> Aim of the task
Leaving out all pictures, write out word for word the lines from the one containing "Market position of" to the end of the data below.

> Input data
*** Begin section ***

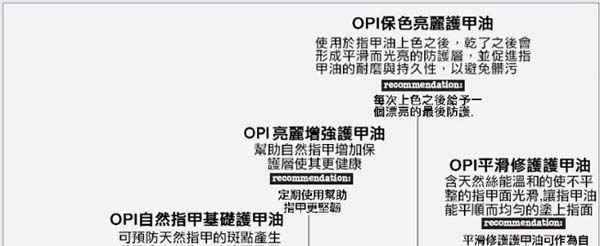 OPI TOP COATɫ 15ml T30ǿ־~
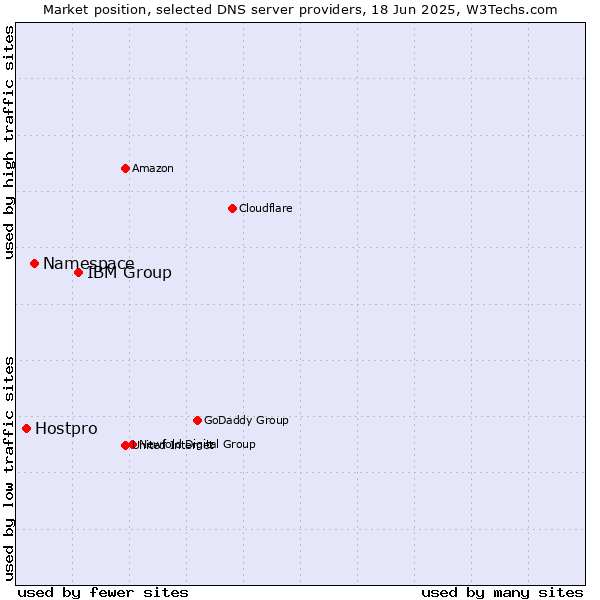 Market position of IBM Group vs. Namespace vs. Hostpro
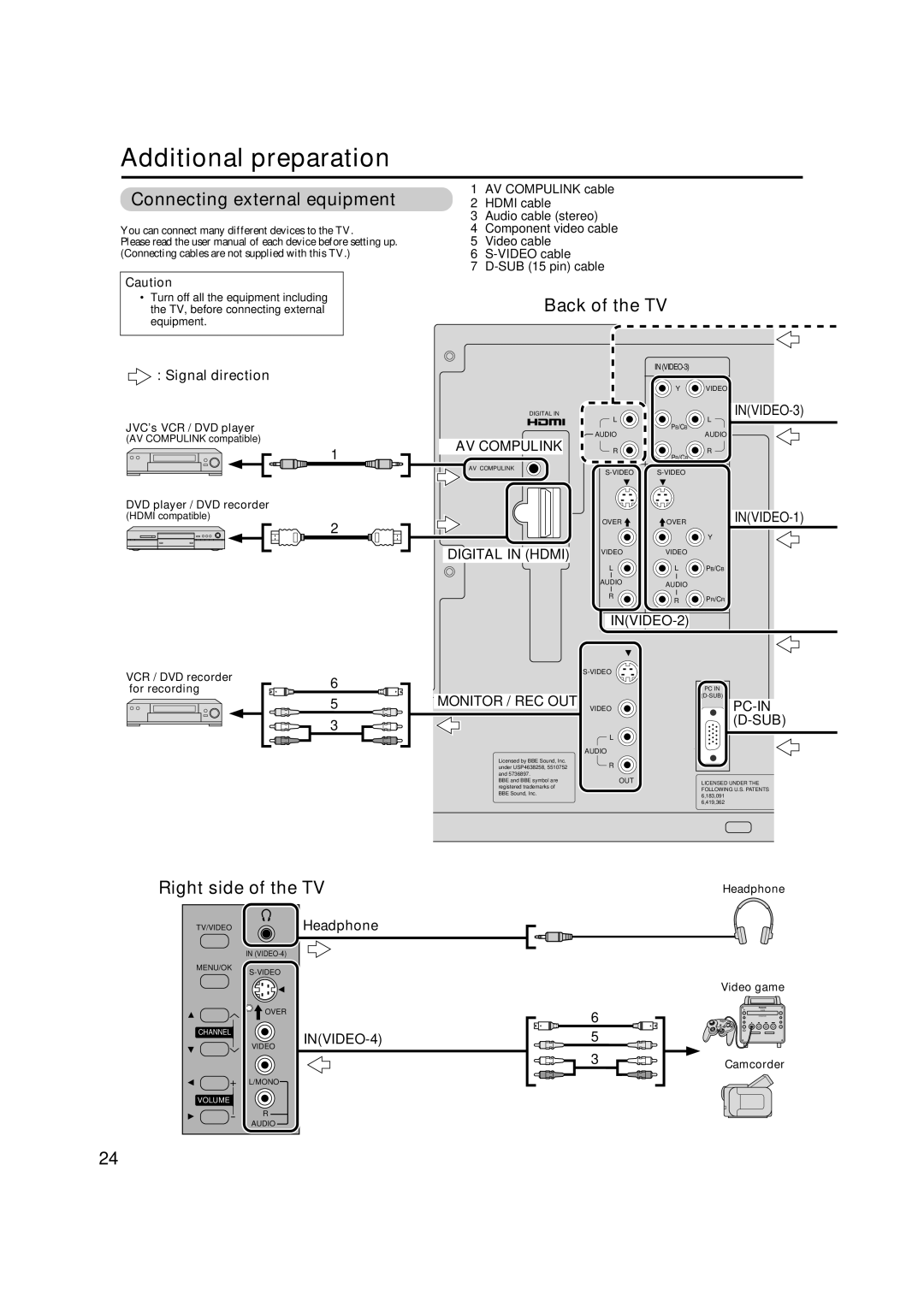 JVC HD-Z56RX5 manual Additional preparation, Connecting external equipment, Back of the TV, Right side of the TV, INVIDEO-1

*** End section ***

> Exercise answer
 Market position of IBM Group vs. Namespace vs. Hostpro
 JVC HD-Z56RX5 manual Additional preparation, Connecting external equipment, Back of the TV, Right side of the TV, INVIDEO-1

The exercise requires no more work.